Eleanor Wachtel: The first story that you ever wrote, but didn't publish, was called "The Suicide of an American Girl," and then the second story, which you did publish, was called "To Hell with Dying." This was when you were just twenty and twenty-one. I don't want to put too much weight on the titles, but what happened to get you from "The Suicide of an American Girl" to "To Hell with Dying"?
Alice Walker: Well, just life itself. After a while, the thought of suicide as the remedy, which takes you out of the picture but leaves this wonderful earth that you would be missing, started to pall and my love of life won over. I realized I would miss the smallest things in life.

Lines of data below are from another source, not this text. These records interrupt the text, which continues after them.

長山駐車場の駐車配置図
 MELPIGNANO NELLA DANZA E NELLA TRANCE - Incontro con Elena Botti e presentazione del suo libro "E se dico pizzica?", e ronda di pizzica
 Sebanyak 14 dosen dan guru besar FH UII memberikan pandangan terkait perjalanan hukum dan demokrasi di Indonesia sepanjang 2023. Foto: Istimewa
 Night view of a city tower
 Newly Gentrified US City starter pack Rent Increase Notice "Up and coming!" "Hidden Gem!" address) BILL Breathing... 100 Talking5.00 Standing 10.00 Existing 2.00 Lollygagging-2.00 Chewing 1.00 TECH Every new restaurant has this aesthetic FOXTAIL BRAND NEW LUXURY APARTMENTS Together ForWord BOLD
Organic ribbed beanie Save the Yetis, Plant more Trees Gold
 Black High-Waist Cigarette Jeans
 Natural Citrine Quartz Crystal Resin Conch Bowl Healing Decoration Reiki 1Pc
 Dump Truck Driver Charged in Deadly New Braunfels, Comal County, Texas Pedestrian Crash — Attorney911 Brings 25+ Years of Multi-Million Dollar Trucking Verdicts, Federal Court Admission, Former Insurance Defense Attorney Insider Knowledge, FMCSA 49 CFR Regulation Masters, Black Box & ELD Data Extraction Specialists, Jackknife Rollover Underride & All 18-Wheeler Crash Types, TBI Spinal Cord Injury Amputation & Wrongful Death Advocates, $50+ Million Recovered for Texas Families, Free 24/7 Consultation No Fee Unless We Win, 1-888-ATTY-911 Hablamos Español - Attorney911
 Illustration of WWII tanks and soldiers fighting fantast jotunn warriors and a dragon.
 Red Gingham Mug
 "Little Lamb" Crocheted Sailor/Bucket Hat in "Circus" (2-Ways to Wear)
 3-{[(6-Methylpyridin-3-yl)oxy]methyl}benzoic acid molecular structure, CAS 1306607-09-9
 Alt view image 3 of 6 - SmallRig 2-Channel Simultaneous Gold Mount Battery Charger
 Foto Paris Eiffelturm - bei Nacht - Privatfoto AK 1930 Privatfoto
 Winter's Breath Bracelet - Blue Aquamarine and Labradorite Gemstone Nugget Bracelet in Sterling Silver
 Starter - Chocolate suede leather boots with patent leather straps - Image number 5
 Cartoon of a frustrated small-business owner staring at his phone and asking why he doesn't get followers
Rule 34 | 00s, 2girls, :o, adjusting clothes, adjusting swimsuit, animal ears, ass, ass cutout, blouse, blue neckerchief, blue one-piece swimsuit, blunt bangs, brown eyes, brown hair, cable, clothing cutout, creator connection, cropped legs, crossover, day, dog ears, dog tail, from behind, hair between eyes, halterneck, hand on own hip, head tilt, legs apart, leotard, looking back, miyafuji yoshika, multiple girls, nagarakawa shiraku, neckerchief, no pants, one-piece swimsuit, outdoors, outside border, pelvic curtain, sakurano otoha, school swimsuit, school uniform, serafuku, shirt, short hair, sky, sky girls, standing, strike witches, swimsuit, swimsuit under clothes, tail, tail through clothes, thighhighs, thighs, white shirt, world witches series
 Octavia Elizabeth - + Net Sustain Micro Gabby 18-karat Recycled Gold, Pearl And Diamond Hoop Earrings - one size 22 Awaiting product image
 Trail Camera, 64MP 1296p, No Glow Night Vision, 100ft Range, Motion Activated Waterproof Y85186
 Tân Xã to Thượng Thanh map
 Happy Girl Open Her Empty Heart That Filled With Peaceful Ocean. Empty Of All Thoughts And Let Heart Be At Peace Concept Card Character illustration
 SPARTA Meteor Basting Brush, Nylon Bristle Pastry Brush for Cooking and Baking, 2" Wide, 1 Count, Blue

I just had a friend visiting me in the country over the weekend - she put them in a bowl and every time I passed by I would smell these oranges and I finally stopped in my tracks and stuck my whole head in the bowl, smelling those oranges, and I said to her, "You know, when I'm dead, this is what I'll miss." They reminded me of the oranges of my childhood, when one orange would perfume the whole room and it was the most amazing thing. It was like having a very small sun that had a scent in the room with you. And it's as basic as that. The scent of an orange, the feel of the breeze, how water feels when you get in it when it's really cold in a creek. Whatever madness is going on in the world that seems impossible, there's also the orange and the stream and the breeze.
- Alice Walker, in conversation with Eleanor Wachtel. As published in More Writers & Company: New Conversations with CBC Radio's Eleanor Wachtel.